Je l’accompagne à la porte, sans rien dire… la voilà hors de ma chambre, elle suit le long couloir, sans se retourner.  Elle sait que je l’accompagne des yeux et se retournera sans doute à l’angle.

Non, elle ne s’est pas retournée. Sa robe noire m’est apparue une dernière fois, ses pas se sont évanouis… adieu, mon incomparable !

Si Stépanovitch fait partie de l’élite intellectuelle, Missaïl, de Ma vie fait partie de l’élite sociale qu’il méprise, en la considérant fausse et malhonnête. Au chagrin de sa famille et à l’étonnement de ses amis et connaissances, il veut changer de classe sociale, en devenant ouvrier, puisqu’il se considère sans aucun talent et ne veut pas devenir un parasite. Finalement il va rester en limbe, comme un martyre raté, ne réussissant à s’identifier avec aucune des deux catégories. Mais la paix de la vie banale qui était dans le fond son but existentiel est suggérée en final dans l’image quelque peu brouillée d’une famille toute faite : lui, une fille qui l’aime mais a honte de son mode de vie et sa petite nièce. Cette image est comme un faible espoir qu’il va ainsi trouver le code de vie qu’il a tant cherché, vu que :

…la question de faire le bien ou le mal, chacun la résout pour soi, sans attendre que l’humanité en arrive à la solution de cette question par la voie d’un développement progressif. 

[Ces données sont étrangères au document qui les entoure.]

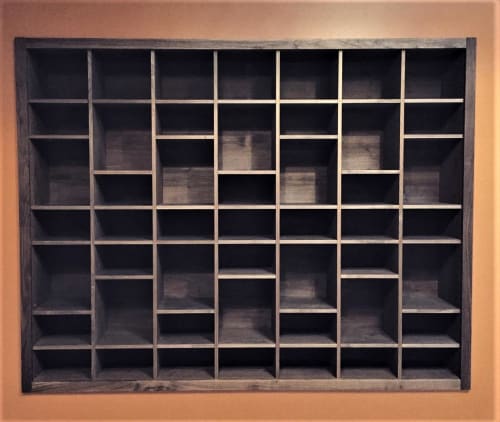 Storage Shelves | Furniture by Alexis Moran | Namaste Yoga + Wellness Rockridge in Oakland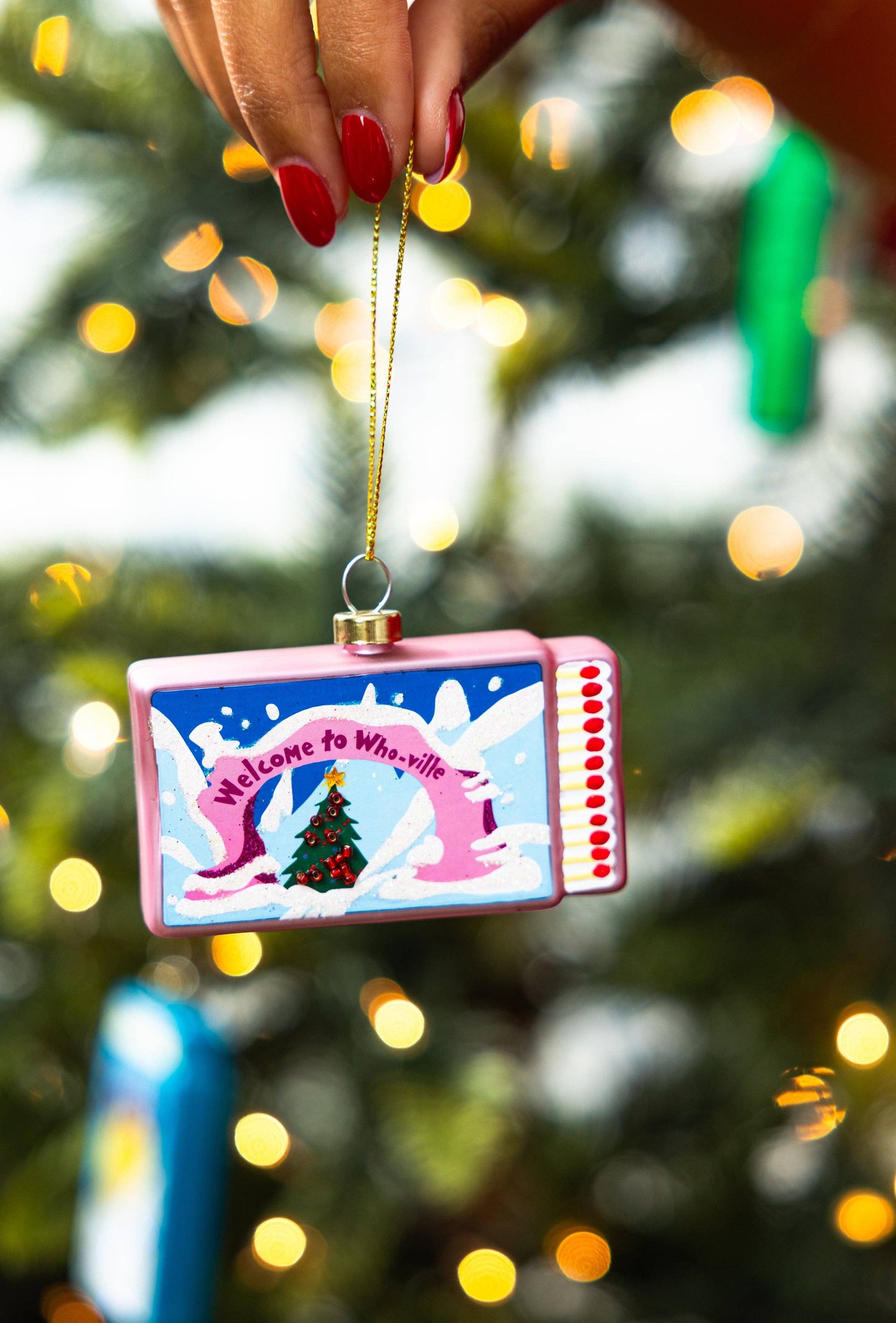 Matchbook Ornament - Whoville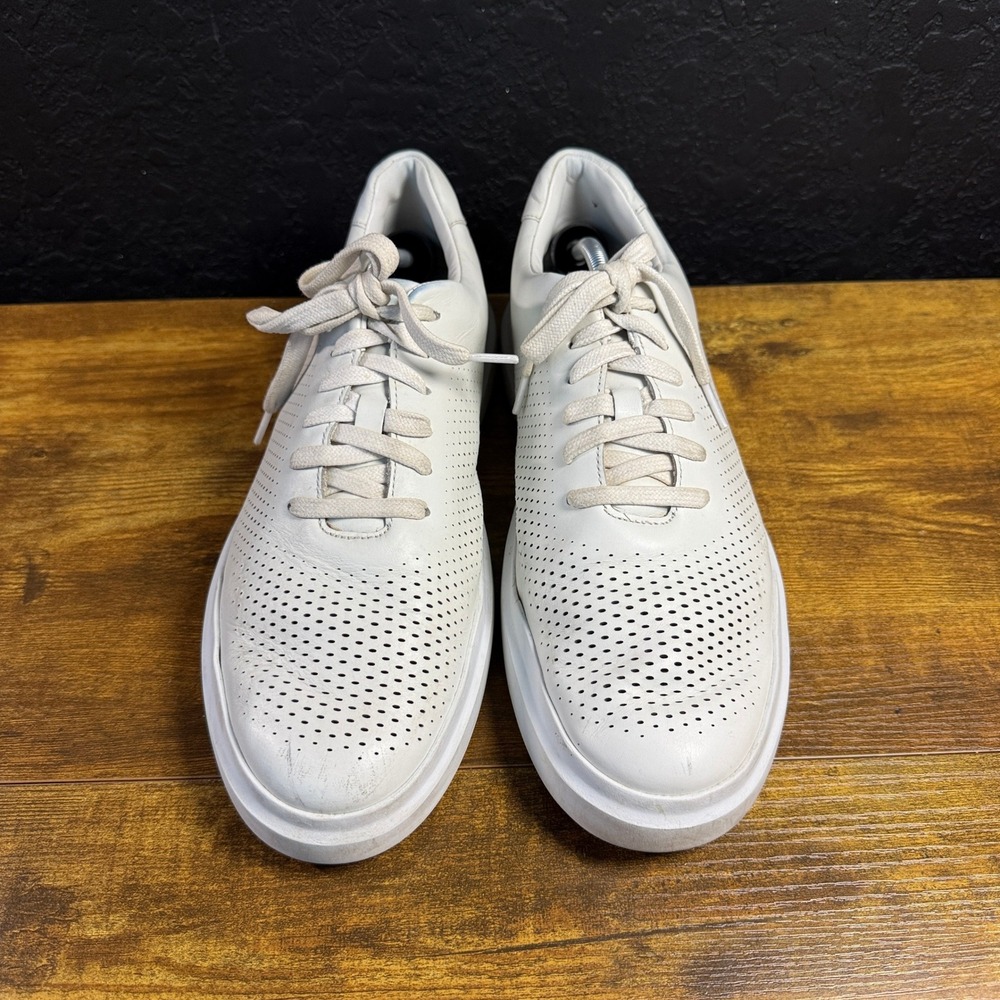 Cole Haan Grand Crosscourt C31436 White Leather Sneakers Mens 12M - Picture 2 of 7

La fiancée,  la dernière nouvelle du volume et la dernière œuvre tchekhovienne, se construit autour du destin de Nadia, jeune fille qui, sur le point de se marier, se rend compte de la vie monotone qui l’attend et s’enfuit pour étudier et découvrir le monde. Sa rébellion ne provoque pas de grands ennuis, ni lui apporte la révélation attendue. Son histoire est comme une image en négatif des autres – elle semble la seule à avoir réussi dans sa révolte. Mais la fin jette un doute sur sa victoire :

Elle monta dans sa chambre pour faire ses préparatifs, le lendemain matin elle dit adieu aux siens et, pleine de vie et de gaieté, elle quitta sa ville – à jamais, à ce qu’elle croyait. 

Je me rends soudain compte comment il est approprié, le titre du volume – il y a, en effet, dans chaque nouvelle, un duel entre le protagoniste et une valeur soit-elle morale, sociale, philosophique, ou émotionnelle qu’il convoite et redoute en même temps : entre Laïevski et les contraintes de la société, entre Ananiev et le sens de la vie, entre Stépanovitch et l’amour, entre Missaïl et l’injustice sociale et entre Nadia et la liberté de l’esprit. Chacun jette le gant, se bat en duel et y est défendu. Ou l’est-il ? Comme je disais tout à l’heure, il y a une marge de silence qui se refuse et qui promet, et qui séduit et qui trompe toujours. Et alors ? Finalement, comme disait Roger Grenier dans sa préface extraordinaire, il suffit  de s’accorder l’âme au rythme du récit, et se contenter d’attendre une autre révélation après chaque lecture:

Le dialogue sans fin de la tristesse et de la joie, voilà le rythme même, le battement de cœur que nous devrions sentir en lisant ces nouvelles.